#### Assigned task
Print out the entries from the line containing "什么是ASMR口腔音？它如何帮助女性改善睡眠？" through the last line, exactly, and print nothing else. Pictures are not copied.

....

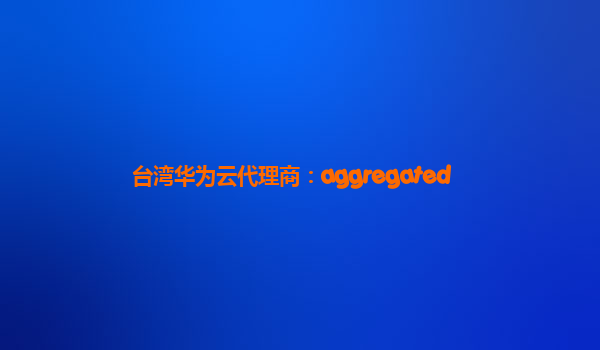 台湾华为云代理商：aggregated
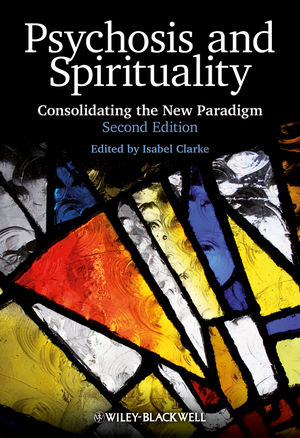 Psychosis and Spirituality: Consolidating the New Paradigm, 2nd Edition (0470683481) cover image
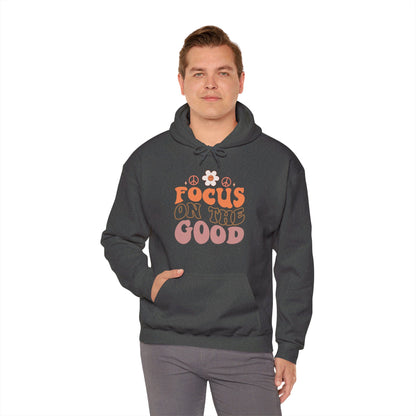 Focus on the Good - Hooded Sweatshirt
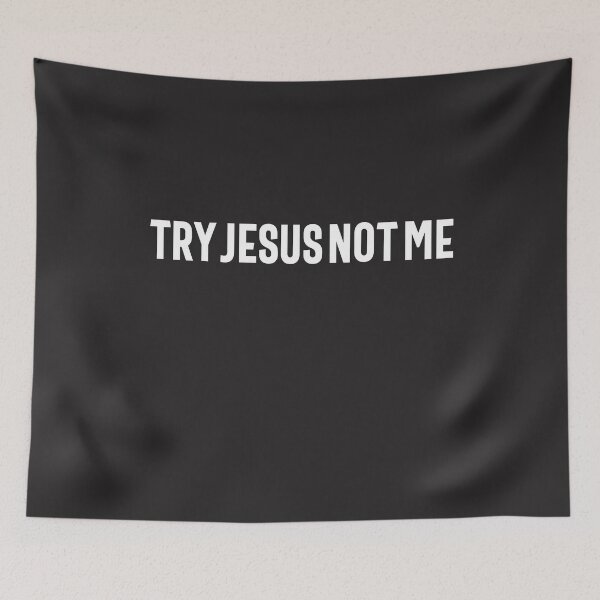 Item preview, Funny Christian Quote Cute Fun Jesus Gifts Try Jesus Not Me - Christian designed and sold by cidolopez.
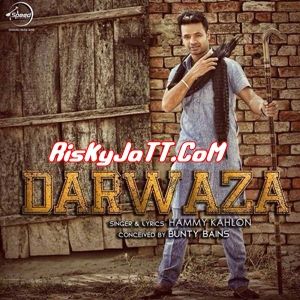 Darwaza Hammy Kahlon Mp3 Song Free Download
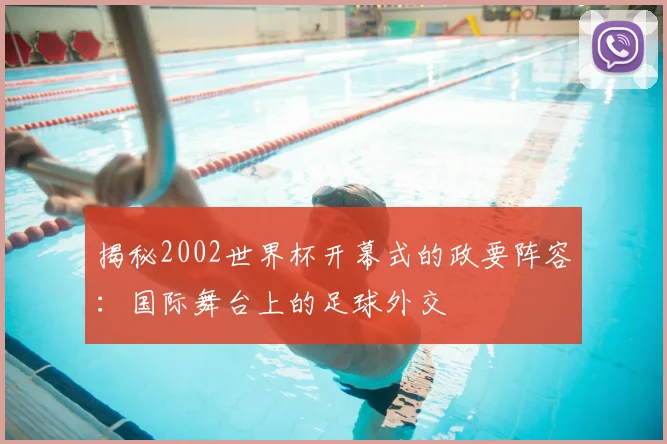 揭秘2002世界杯开幕式的政要阵容：国际舞台上的足球外交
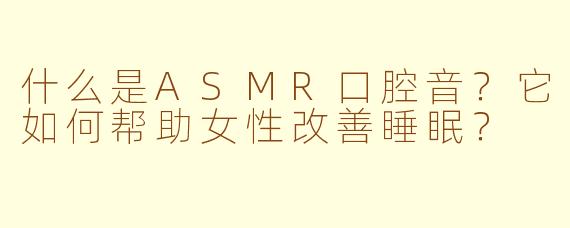 什么是ASMR口腔音？它如何帮助女性改善睡眠？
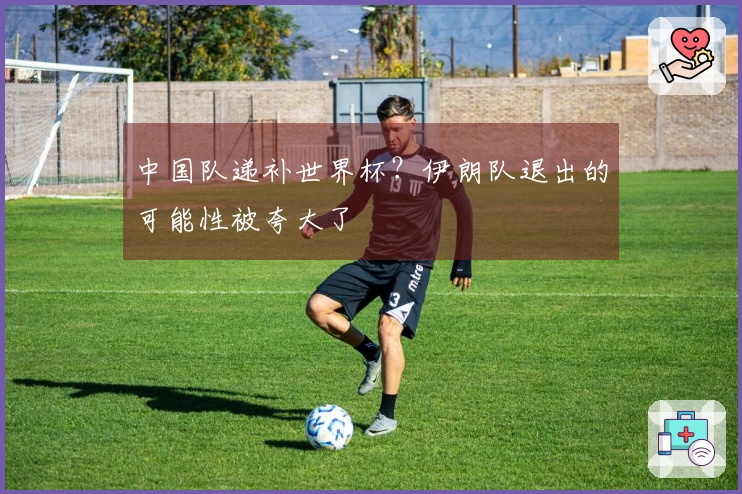 中国队递补世界杯？伊朗队退出的可能性被夸大了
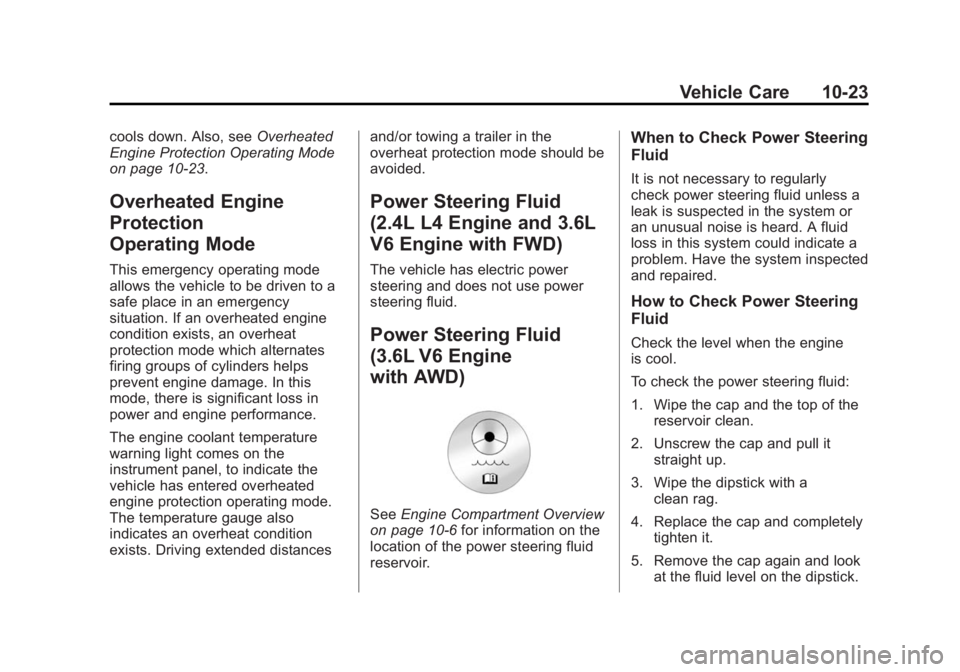 BUICK LACROSSE 2014  Owners Manual Black plate (23,1)Buick LaCrosse Owner Manual (GMNA-Localizing-U.S./Canada/Mexico-
6043609) - 2014 - 2nd Edition - 10/17/13
Vehicle Care 10-23
cools down. Also, seeOverheated
Engine Protection Operati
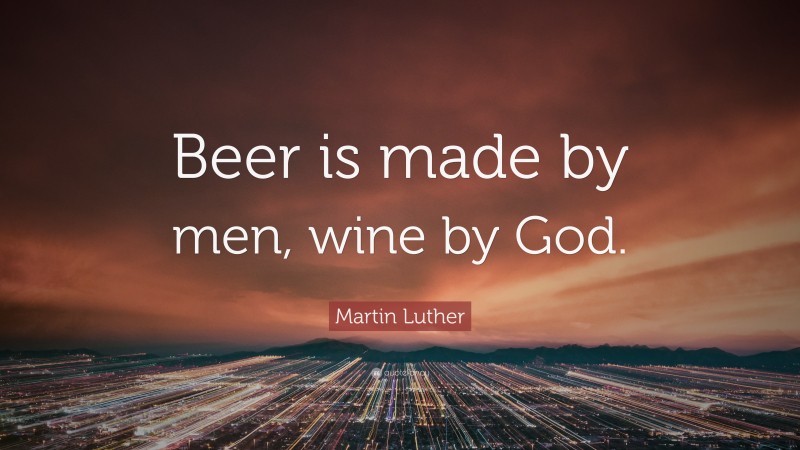 Martin Luther Quote: “Beer is made by men, wine by God.”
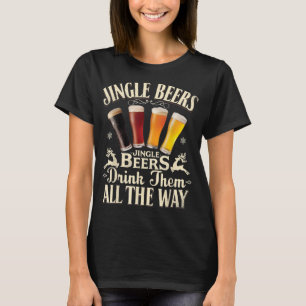 Jingle Beers Drink Them All The Way Funny Drinking T-Shirt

....

#### Task response
 什么是ASMR口腔音？它如何帮助女性改善睡眠？
 中国队递补世界杯？伊朗队退出的可能性被夸大了
 BUICK LACROSSE 2014  Owners Manual Black plate (23,1)Buick LaCrosse Owner Manual (GMNA-Localizing-U.S./Canada/Mexico-
6043609) - 2014 - 2nd Edition - 10/17/13
Vehicle Care 10-23
cools down. Also, seeOverheated
Engine Protection Operati
 Martin Luther Quote: “Beer is made by men, wine by God.”
 Jingle Beers Drink Them All The Way Funny Drinking T-Shirt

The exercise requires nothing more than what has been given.